SWEET NOTHING

Kejora Anaphalisia
Chapter #12

Dua Belas

“Sebaiknya satu dulu. Kita tuliskan kriterianya−”

“Saya serahkan sepenuhnya padamu. Kamu bisa menyelesaikannya besok?”

Dean menerima persetujuan dalam bentuk anggukan Sandra, kemudian membuka kembali pembukuan. Tidak lama, lalu dikembalikan lagi di atas meja. Pusing kepalanya melihat deretan angka-angka itu. Belum menembus ekspektasinya. 

“Seberapa besar keinginanmu pergi dari sini, Dean?”

“Dengan sepenuh hati.”

“Dan kamu tahu betul nggak akan sekedar tiga empat bulan di sini. Belakangan ini dia lebih sering menginap di hotel, tahu kenapa? Dia memikirkan kenyamananmu.”

“Sial, saya malah nggak merasa bersalah.” Dean mengerang akibat sikutan Sandra. “Begini, Sandra. Kami nggak terikat secara batin, bertahun-tahun kami hidup tanpa memikirkan satu sama lain. Bukan saya yang menyuruhnya pindah.”

“Memang percuma ya menarik simpatimu. Tuhan, dia ayahmu. Aku harap Lean nggak seperti itu nanti.”

“Siapa Lean?” Dean baru mendengar nama itu kali ini. “Anakmu?”

“Lucu, kamu bahkan nggak mengenal keponakanmu. Umurnya satu tahun, Dean. Beberapa kali ketika mengantar aku pulang, dia sudah tertidur. Kadang aku ingin membawanya ke sini, tapi nggak memungkinkan.”

Saat memutuskan pergi dari rumah, Dean tidak membawa kenangan apa pun. Hidupnya amatlah suram dulu, tidak ada yang pantas dikenang. Bahkan dari seorang saudara yang pernah dekat dengannya. “Sandra...” Dean membatalkan pertanyaan bersifat pribadi yang hendak dilontarkan.

“Kami dijodohkan, meski begitu, kami saling mencintai. Sayang sekali, rasa cintanya nggak cukup besar untuk menjadi suami yang bertanggung jawab. Mertuaku nggak bisa membantu banyak selain memberikan kerepotan lain. Jujur, membiayai hidup Lean nggak mudah, seenggaknya kehidupanku yang sekarang jauh lebih baik, nggak perlu gondok nyaris setiap saat.”

“Kamu perempuan kuat, Sandra.”

Sandra menepuk ringan lengan Dean. “Mungkin aku nggak akan mengubah keputusanmu supaya berbaikan dengan Om Rahadi. Kalau begitu, kamu harus cukup bersabar.”

Curhat itu berhenti begitu pintu kedai terbuka. Fella datang, tote bag ada di satu tangannya. Sandra bilang, setiap bulan Rif akan mentraktir semua tutor, dan Fella yang bertugas membeli untuk mereka. 

“Hai.” Dean hanya mengerling. Dia membuka buku yang tadi diambilnya secara acak di rak atas. “Dean, mending kapan-kapan kamu minta diajari Rif deh, biar senyumnya itu natural.
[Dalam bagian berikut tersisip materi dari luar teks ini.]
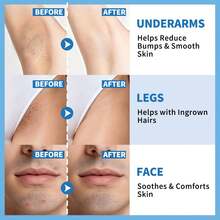 3-Piece Set,Razor Bump Stopper Roll-On, Dark Spot Remover & Ingrown Hair Treatment For Men & Women, No Bump After Shave Serum For Bikini, Face, Neck, Underarms & Legs-Valentines Gifts,Birthday,Gifts For Women,Mardi Gras - 淺藍色 - 查看 4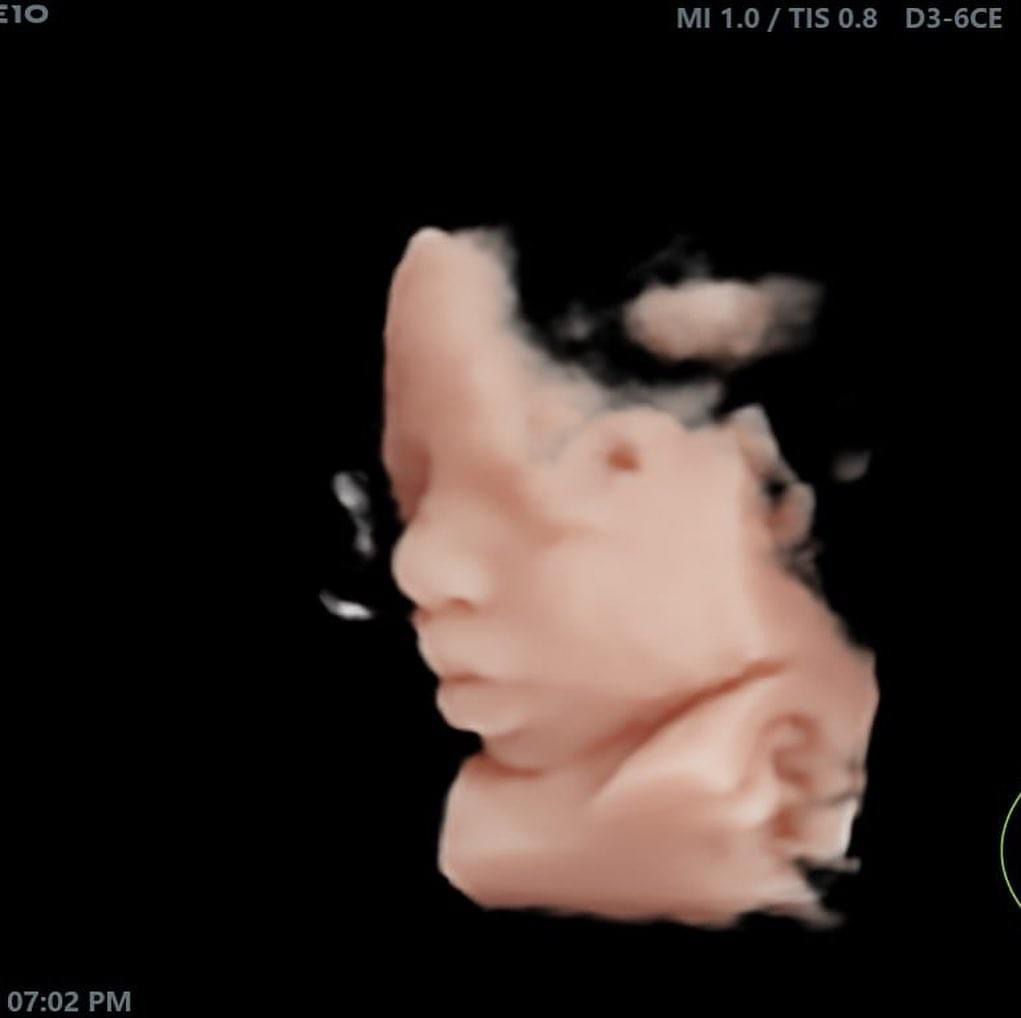 Miguel Eduardo Guigón Canseco-2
Kesan maksa itu malah bikin ngeri.”

“Nona Tukang Mendikte, kamu juga sebaiknya belajar agar nggak salting terus-menerus.”

“Aku, salting?” Begitu menaikkan kepala, wajah perempuan itu mulai memerah. Dean mengangguk, Fella membuka mulut. “Kayak hadepin cowok ganteng mesti salting.”

“Sandra, saya kurang ganteng?”

“Terserah.”

***

Dean tidak menduga keberadaan Rahadi di meja makan. Dia selalu mengantasipasi emosinya begit bertemu Rahadi, tetap saja jengkel sekaligus keki itu melanda, terlebih saat dia harus menjawab pertanyaan basa-basi.

“Yakin kalian hanya membutuhkan seseorang? Lebih bagus membuka dua lowongan untuk jangka panjang.”

“Tanyakan saja pada Sandra, dia yang lebih tahu.”